Desde que era una niña en la Escuela Dominical de la Ciencia Cristiana, me habían enseñado que no había nada que temer en ninguna parte, en ningún momento, porque Dios está siempre conmigo. Pensé que había aprendido bien esta lección, y realmente me sentía bastante intrépida ante los desafíos de la vida.
Pero cuando empecé a explorar más detenidamente mi pensamiento, descubrí un clamor de declaraciones que comenzaban con “Tengo miedo”; especialmente en relación con mis hijos a medida que crecían y se volvían más independientes.
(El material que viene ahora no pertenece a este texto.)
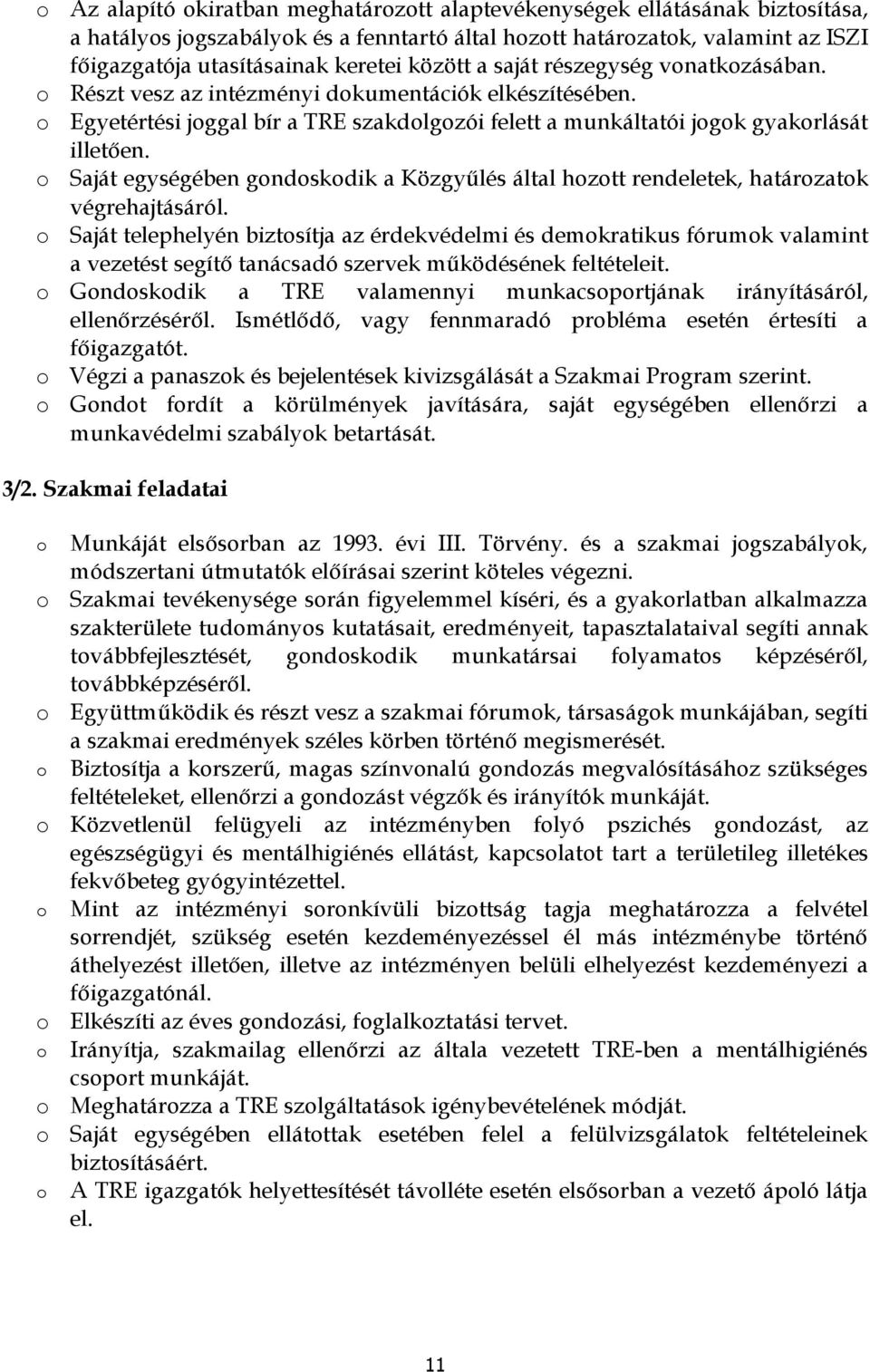 Saját egységében gndskdik a Közgyűlés által hztt rendeletek, határzatk végrehajtásáról.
Por ejemplo, “Tengo miedo de que no estará a salvo”. “Tengo miedo de que no será capaz de ganarse la vida en esa carrera”. “Tengo miedo de que nunca encontrará un trabajo que a ella le guste”. O, “Me gustaría que se estableciera y lograra algo”, lo que en realidad significaba: “Tengo miedo de que no lo hará”.
Curiosamente, no había pensado que esta ansiedad por la vida de mis hijos fuera temor, pero ahora podía ver que era una forma de miedo muy sutil y perniciosa. De hecho, descubrí la preocupación implícita más grande de que cuando no tenía el control personal de una situación, el mal podía hacerse cargo.